I can give a reasonably informed answer to this, having tried it myself. To
use Fermat's method directly on kN in order to factor N, unless you are very
lucky, is no improvement. In the 2^727-1 case, as pointed out, since you
know the form of the factors, it's sufficient to try a=727x+1, for all a
above sqrt(N), to check a^2-N is a perfect square. To preserve this, make
the factor you multiply by a product of factors of the form 1454k+1 - all
the factors of the product are still of this form.
Do we win, or do we lose? Let's suppose that our composite has precisely two
prime factors, and thus direct application of Fermat will uncover only one
non-trivial solution from which we can derive the factor values. If what we
multiply by has k distinct factors, then there are now 2^k useful
solutions - but the number of values of a that we need to try has increased
by more than that factor. In all likelihood, it would take longer...
But don't despair.
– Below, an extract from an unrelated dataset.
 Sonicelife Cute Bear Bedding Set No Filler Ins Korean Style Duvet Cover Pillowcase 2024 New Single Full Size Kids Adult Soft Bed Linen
Since all we have to check for is "a^2-N is a perfect
square", it's easy just to inspect this value modulo many small primes and
sieve out quadratic non-residues. With a few lookup tables, it's easy to
trial-factor at 10^9, even 10^12, values of a per CPU-second. Even so, for a
219-digit number like 2^727-1, and even assuming there's no factor below 40
or so digits, you'd still need 10^60 or more CPU-seconds to spare. (OK if
you've got a universe with nothing else to do).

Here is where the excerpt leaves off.